全体で32.9%が導入済み、導入予定では16.4%がクラウドサービス利用

 最初に「ERPの導入状況」について尋ねたところ、「既に導入済みである(追加リプレイスなし)」が25.5%、「既に導入済みである(追加リプレイスあり)」が7.5%、「新規で導入を検討している」が6.5%、「必要性を感じるが検討しない」が19.0%、「導入の必要性を感じない」が41.6%という結果となった(図1-1)。

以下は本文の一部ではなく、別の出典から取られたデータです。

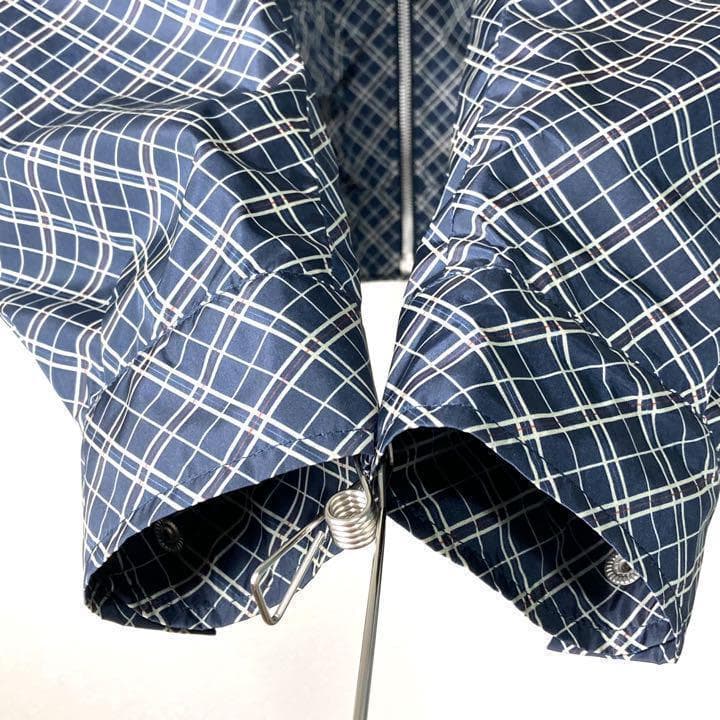 Maison Margiela メゾンマルジェラ　チェック　スポーツジ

まとめると全体では33.0%が導入済み、14.0%が検討中となる。この結果を従業員別に見ると、従業員規模が大きくなるにつれて「導入済み」「検討中」の割合が大きくなっている。1001名以上の大企業においては既に導入済みで「追加リプレイスを検討している」割合が11.0%と、中堅・中小企業に比べてその割合も高かった。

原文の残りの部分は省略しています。